According to Rachel Gold, this lunacy is not like the inspired lunacy of Buster Keaton, who can frequently be seen driving a thirty-foot bus in an admiral’s hat – a bus expressly built for him by the Fifth Avenue Bus Company and equipped with two drawing rooms, an observation deck, and bunks for six. Keaton, she says, knows how funny bad taste can be; the rest of them don’t.

It is a very strange world into which Fitz is steering the Hispano-Suiza, a world half-wild, half-artificial. Rabbits scutter into the road and flicker in the headlights; coyote eyes glitter and slink in the ditches. Most of the hills are still undeveloped, bald and blank, overlooking nothing, just as the canyons open on nothing. And then the car headlights will suddenly pick out an unexpected expanse of stone wall, your eyes will jerk from the eyes glowing in the ditches to graze the roof of a Norman farmhouse, a turret, a Tudor chimney. Then the impression of Europe dissolves and you are back in a lunar landscape of parched hills where owls glide through swathes of incandescent light. The powerful car bores on, headlights fanning scrub, the dirt track behind us writhing with dust.

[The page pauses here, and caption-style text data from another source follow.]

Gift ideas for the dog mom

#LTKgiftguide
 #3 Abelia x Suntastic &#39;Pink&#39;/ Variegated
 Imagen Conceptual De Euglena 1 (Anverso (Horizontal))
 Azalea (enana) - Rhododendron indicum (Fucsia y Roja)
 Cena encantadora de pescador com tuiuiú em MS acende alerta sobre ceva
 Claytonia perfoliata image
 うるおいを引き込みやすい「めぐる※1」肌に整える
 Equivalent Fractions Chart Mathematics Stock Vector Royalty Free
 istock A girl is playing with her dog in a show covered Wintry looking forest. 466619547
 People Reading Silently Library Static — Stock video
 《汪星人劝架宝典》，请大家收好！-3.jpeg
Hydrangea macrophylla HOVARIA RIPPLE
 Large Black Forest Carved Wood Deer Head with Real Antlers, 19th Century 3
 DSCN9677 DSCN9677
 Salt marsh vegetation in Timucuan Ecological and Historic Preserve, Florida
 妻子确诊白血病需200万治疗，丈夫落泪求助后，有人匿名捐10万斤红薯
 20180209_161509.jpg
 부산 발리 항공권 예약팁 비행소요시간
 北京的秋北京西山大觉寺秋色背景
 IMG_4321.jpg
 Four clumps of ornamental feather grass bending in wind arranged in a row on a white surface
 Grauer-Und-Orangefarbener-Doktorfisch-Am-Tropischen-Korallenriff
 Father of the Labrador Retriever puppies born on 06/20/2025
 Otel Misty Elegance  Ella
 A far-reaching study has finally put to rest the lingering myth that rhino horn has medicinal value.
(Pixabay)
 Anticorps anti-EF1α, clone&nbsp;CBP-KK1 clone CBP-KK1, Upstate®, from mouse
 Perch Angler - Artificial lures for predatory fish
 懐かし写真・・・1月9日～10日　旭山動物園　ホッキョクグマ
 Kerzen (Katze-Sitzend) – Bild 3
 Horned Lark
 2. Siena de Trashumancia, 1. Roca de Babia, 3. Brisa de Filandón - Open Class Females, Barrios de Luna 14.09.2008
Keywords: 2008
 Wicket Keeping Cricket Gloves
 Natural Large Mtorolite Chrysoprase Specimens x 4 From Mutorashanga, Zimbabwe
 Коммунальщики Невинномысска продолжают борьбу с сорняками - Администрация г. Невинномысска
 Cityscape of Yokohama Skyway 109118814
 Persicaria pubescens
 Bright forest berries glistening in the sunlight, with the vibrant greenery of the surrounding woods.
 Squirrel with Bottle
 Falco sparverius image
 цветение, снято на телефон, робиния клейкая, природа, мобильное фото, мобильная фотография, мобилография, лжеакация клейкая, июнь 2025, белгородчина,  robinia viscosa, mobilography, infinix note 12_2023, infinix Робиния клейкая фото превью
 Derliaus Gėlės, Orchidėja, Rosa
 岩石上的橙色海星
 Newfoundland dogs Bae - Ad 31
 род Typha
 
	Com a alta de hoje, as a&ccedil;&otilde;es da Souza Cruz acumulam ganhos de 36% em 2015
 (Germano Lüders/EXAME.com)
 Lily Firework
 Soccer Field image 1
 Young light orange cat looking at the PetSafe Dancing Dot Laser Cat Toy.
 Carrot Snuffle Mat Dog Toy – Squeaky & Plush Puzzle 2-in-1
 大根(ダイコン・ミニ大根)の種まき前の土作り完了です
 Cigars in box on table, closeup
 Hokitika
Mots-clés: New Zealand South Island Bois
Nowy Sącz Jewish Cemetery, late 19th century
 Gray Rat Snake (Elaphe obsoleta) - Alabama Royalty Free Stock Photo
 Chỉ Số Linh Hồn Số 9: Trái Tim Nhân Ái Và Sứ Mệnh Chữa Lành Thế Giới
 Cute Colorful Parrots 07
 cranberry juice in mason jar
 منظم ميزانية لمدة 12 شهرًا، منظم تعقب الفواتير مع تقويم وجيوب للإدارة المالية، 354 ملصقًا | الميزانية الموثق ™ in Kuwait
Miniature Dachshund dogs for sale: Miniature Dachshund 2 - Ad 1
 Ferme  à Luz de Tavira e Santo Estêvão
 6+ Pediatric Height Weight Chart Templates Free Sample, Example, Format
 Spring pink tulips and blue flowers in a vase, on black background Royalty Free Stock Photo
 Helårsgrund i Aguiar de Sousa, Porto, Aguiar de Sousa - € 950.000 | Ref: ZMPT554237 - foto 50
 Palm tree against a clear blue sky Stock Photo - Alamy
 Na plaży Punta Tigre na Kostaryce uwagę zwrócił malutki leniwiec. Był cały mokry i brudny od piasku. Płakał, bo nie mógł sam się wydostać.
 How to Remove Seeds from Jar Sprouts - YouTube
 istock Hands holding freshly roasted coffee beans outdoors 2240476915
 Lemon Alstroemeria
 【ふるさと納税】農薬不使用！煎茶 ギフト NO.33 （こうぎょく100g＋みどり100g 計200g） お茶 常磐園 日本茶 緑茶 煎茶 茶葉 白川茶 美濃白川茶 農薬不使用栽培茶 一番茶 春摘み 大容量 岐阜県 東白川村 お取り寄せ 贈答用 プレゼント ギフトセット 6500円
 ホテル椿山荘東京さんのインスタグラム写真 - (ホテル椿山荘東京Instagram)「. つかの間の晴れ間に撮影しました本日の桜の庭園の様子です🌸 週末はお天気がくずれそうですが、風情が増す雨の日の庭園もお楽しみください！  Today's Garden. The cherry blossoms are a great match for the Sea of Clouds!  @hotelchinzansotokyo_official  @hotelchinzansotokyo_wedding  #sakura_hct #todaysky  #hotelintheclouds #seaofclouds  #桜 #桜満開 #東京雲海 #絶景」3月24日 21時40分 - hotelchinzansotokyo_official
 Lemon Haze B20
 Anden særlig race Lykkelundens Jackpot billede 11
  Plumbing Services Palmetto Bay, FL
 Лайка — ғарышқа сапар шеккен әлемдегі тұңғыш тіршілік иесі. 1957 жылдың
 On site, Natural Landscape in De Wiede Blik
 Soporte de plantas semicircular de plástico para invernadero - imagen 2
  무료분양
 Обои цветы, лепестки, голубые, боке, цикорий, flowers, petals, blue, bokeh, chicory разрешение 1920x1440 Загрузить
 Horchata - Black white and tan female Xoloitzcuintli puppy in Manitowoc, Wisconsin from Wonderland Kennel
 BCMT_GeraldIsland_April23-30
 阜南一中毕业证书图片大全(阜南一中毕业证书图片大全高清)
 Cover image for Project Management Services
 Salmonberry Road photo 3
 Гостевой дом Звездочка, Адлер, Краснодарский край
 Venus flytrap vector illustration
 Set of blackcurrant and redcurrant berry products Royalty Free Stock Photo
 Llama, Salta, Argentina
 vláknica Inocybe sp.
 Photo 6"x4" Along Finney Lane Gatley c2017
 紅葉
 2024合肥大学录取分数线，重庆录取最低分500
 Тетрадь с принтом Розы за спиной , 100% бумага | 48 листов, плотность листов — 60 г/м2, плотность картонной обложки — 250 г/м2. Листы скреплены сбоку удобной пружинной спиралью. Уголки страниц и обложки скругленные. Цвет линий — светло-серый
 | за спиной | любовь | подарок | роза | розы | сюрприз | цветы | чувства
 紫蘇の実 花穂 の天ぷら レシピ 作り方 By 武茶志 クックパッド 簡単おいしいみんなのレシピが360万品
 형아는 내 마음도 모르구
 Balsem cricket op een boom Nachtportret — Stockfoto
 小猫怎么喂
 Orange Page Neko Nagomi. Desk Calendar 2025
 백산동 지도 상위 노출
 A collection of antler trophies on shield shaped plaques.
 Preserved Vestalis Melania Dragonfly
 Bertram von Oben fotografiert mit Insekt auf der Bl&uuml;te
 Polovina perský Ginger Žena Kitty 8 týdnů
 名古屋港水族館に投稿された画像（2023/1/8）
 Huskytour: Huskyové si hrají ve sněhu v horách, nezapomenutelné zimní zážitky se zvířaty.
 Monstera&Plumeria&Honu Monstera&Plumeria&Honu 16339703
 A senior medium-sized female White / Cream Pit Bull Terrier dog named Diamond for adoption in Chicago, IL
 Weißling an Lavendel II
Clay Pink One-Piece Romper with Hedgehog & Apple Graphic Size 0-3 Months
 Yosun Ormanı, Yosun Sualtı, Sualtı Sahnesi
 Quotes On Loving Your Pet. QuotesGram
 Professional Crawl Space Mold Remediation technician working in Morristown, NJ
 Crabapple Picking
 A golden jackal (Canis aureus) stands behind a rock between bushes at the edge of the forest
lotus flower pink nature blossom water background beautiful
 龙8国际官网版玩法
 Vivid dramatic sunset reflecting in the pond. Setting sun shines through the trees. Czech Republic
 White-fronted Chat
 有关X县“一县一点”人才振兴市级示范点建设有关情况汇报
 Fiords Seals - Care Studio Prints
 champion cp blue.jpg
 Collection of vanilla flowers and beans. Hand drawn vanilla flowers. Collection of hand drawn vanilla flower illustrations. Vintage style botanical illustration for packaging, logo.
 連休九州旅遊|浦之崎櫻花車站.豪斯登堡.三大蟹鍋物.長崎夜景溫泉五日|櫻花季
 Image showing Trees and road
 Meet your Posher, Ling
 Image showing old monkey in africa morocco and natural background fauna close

Suddenly, the hood swings left, noses through an iron gate, and the Hispano-Suiza rolls up a long drive. Ahead of us lies a Tudor manor, its imitation thatched roof humped like a haystack against the sky, a few of its leaded windows showing light. This is “Mina,” the house which Howard Adilman named for his wife but never finished before Damon Ira Chance bought Zenith and, along with it, accommodations befitting a movie mogul.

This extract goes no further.